Cemil Meric'in özetleyerek aldığımız bu yorumları, onun farklı düşünce yapılarının içine girebilme gücünü ve değişik disiplinlerden nasıl faydalandığını göstermektedir. Onun düşünce hayatımızın problemleriyle yakından ilgilenmesinin bir sebebi de onun düşünce anlayışıdır.

Cemil Meric'e göre "hiç bir tefekkür hasbî değildir. Düşünce, bir meydan okuyuşa idrakimizin verdiği cevaptır. Düşman bir tabiat, düşman içtimai sınıf veya düşman bir topluluk... Hasbî düşünce ana tezadlarını halletmiş cemiyetler için bile lükstür ona göre. "Evet düşünce adamı bir zümrenin emir kulu değildir, hiçbir merkezden talimat almaz. Bir partiye bağlı olmayabilir. Ama tarihe angajedir, kucağında yaşadığı topluma angajedir. Yani vatandaş olarak vazifeleri vardır: Belli savaşları kabul etmesi, belli tehlikeleri göze alması lâzımdır.

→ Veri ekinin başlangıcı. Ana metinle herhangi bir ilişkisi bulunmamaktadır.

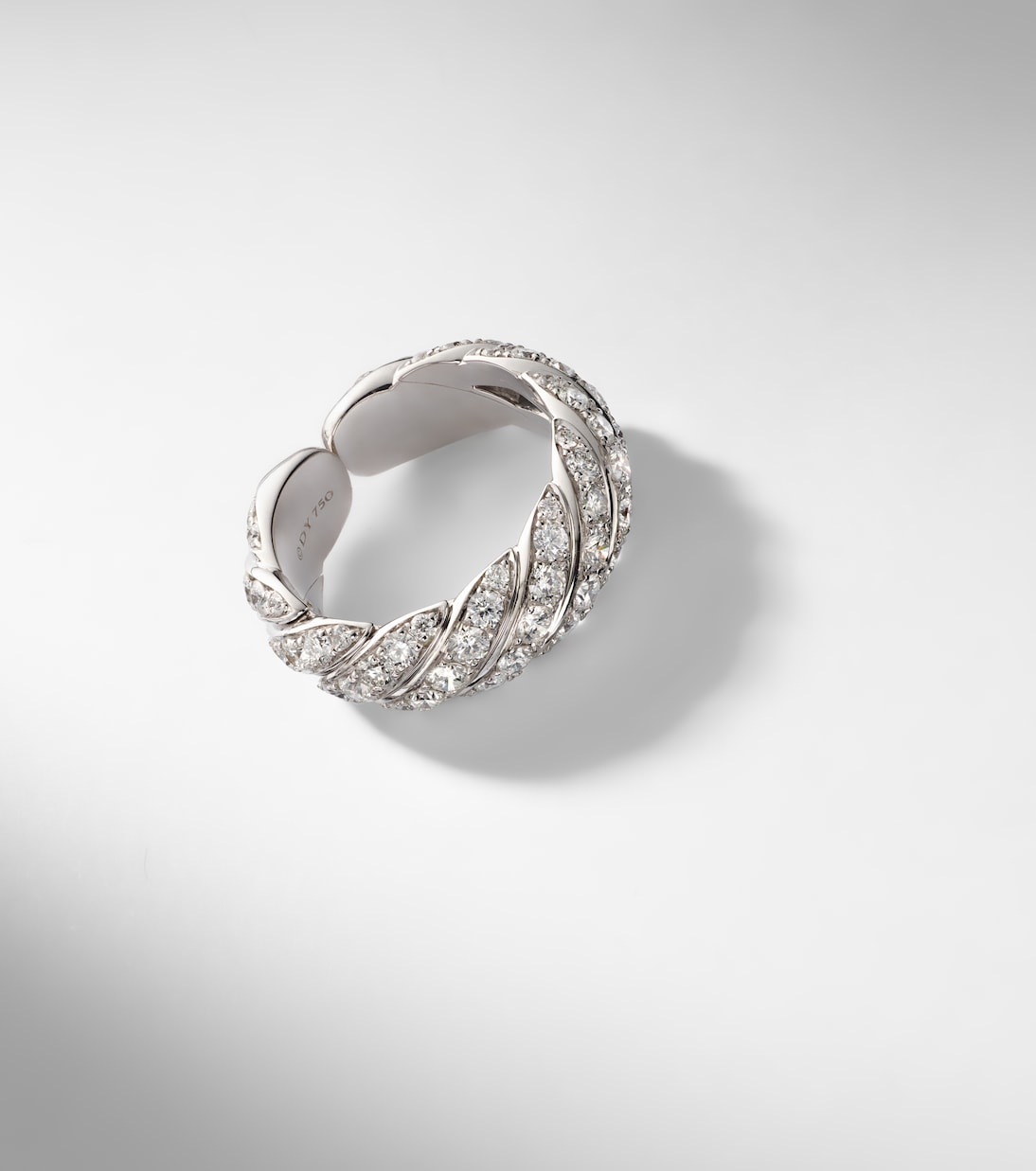 Sculpted Cable 18kt white gold ring with diamonds | David Yurman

Bir devrin şuuru olmak zorundadır..." (Mağaradakiler. s. 72 vd.)

Cemil Meriç bu düşünceler içinde yazılarında kültür ve düşüncenin çeşitli problemlerini ele alır. Bir yazısında "Bizim ne nebatlara karşı sevgimiz, ne kitap düşkünlüğümüz var. Ama insanlığı ilgilendiren en büyük, en hayati davalar karşısında ondan çok daha sağır ondan çok daha körüz." diye şikâyet eder. Sonra bunun sebebini çeşitli tabulara bağlar: "Tabular, tabular. Her kapının arkasında elinde bıçak bekleyen dilsiz bir harem ağası. Düşünme! Düşüneni iftiranın ve sefaletin lâğımında boğduktan sonra ellerimizi yıkayıp, "efendim, bizde filozof yetişmiyor" diye ah-u vahlar" (Jurnal,214).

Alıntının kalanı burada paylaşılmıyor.